JE I suppose, but if it requires sending a keyspace param w/ each call,
JE then it's not sensible.  You waste far more overhead for that in the
JE common case -- serializing, deserializing, checking that it's been
JE authed -- than you gain from not having another connection in the
JE uncommon one.

JE I would be okay with being able to send a 2nd auth call to an existing
JE connection to switch the current keyspace, similar to how rdbmses
JE only have one active schema at a time.

TZ How about:

TZ login(MapString, String credentials) throws 
CassandraAuthenticationSecurityException

TZ setKeyspace(String keyspace) throws CassandraAuthorizationSecurityException

TZ and then all the existing API calls won't have a Keyspace parameter as
TZ previously discussed.  This works for everyone, I think, and separates
TZ authentication from authorization nicely.

I created an issue:

https://issues.apache.org/jira/browse/CASSANDRA-547

and will post updates there as needed.  This is stage 1, meaning this is
the 0.5 work that will keep the old API.  Stage 2 will remove the
Keyspace parameters from the API so I'll put that work in a different
issue, linked to CASSANDRA-547.

Thanks
Ted



RE: Re: Cassandra access control

2009-11-12 Thread Coe, Robin
Ted,

Why pass a map of credentials?  Why not follow the standard approach of opening 
the connection with the credentials, as in tr.open( uid, passwd )?  For now, 
that can be an overloaded method call that would leave the existing API as-is.

Robin.


-Original Message-
From: news on behalf of Ted Zlatanov
Sent: Thu 12/11/2009 08:59
To: cassandra-user@incubator.apache.org
Subject:  Re: Cassandra access control
 
On Thu, 12 Nov 2009 10:49:59 -0600 Jonathan Ellis jbel...@gmail.com wrote: 

JE On Thu, Nov 12, 2009 at 10:42 AM, Jonathan Mischo jmis...@quagility.com 
wrote:
  Let's keep it simple.  Forcing multiple connections from a purely
  hypothetical use case is a no-brainer tradeoff.  Connections are not
  expensive.

 Even if we can do it sensibly?
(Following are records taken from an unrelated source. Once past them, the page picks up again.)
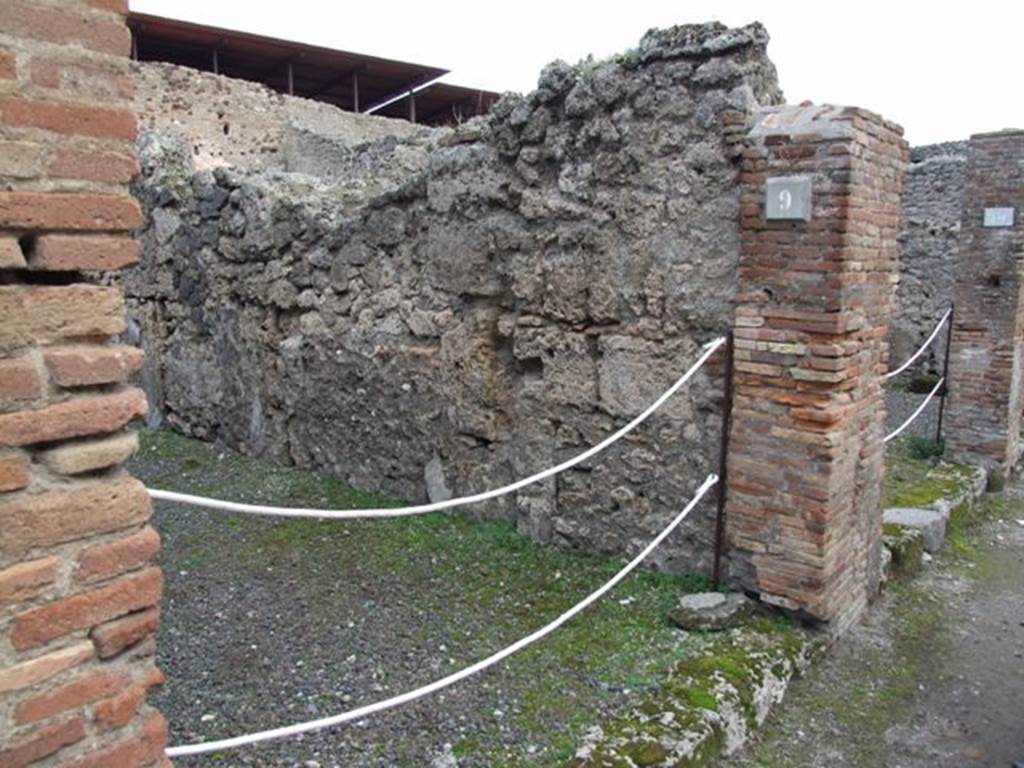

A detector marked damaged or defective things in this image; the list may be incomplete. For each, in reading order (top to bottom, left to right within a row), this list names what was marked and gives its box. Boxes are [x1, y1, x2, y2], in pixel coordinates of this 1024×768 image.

rusty metal post [708, 331, 733, 589]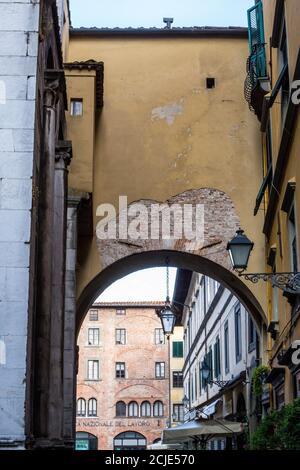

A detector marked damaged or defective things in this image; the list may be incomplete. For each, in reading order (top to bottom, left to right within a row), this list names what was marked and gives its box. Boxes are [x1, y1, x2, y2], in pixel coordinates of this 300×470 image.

peeling plaster [151, 99, 184, 126]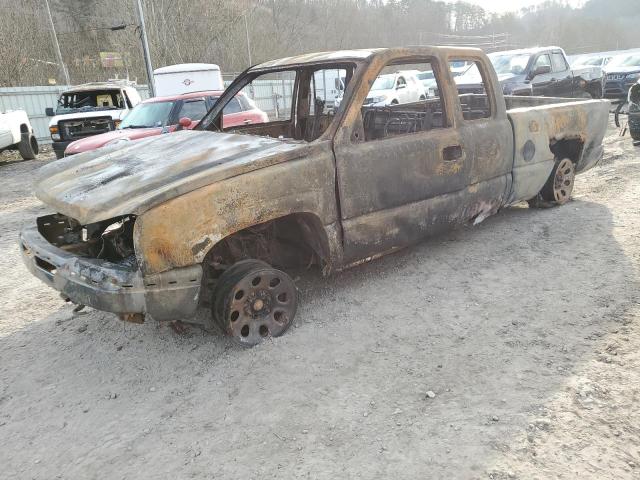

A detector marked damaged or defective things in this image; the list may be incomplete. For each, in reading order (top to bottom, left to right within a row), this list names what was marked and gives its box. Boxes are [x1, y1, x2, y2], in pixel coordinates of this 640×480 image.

burned hood [35, 128, 304, 224]
burned pickup truck [21, 47, 608, 344]
charred truck body [21, 47, 608, 344]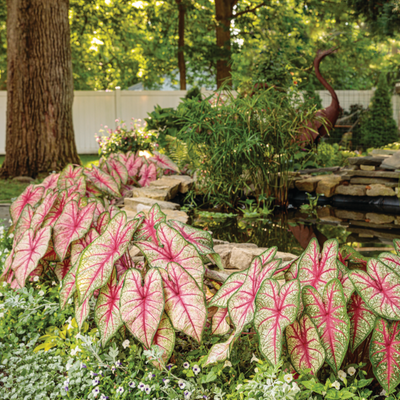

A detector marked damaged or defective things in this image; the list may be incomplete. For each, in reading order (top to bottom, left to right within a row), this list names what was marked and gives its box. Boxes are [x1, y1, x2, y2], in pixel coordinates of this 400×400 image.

rusted metal sculpture [298, 48, 342, 145]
Connections aren't hugely expensive, but
 they're not free, either.

JE I suppose, but if it requires sending a keyspace param w/ each call,
JE then it's not sensible.  You waste far more overhead for that in the
JE common case -- serializing, deserializing, checking that it's been
JE authed -- than you gain from not having another connection in the
JE uncommon one.

JE I would be okay with being able to send a 2nd auth call to an existing
JE connection to switch the current keyspace, similar to how rdbmses
JE only have one active schema at a time.

How about:

login(MapString, String credentials) throws 
CassandraAuthenticationSecurityException

setKeyspace(String keyspace) throws CassandraAuthorizationSecurityException

and then all the existing API calls won't have a Keyspace parameter as
previously discussed.  This works for everyone, I think, and separates
authentication from authorization nicely.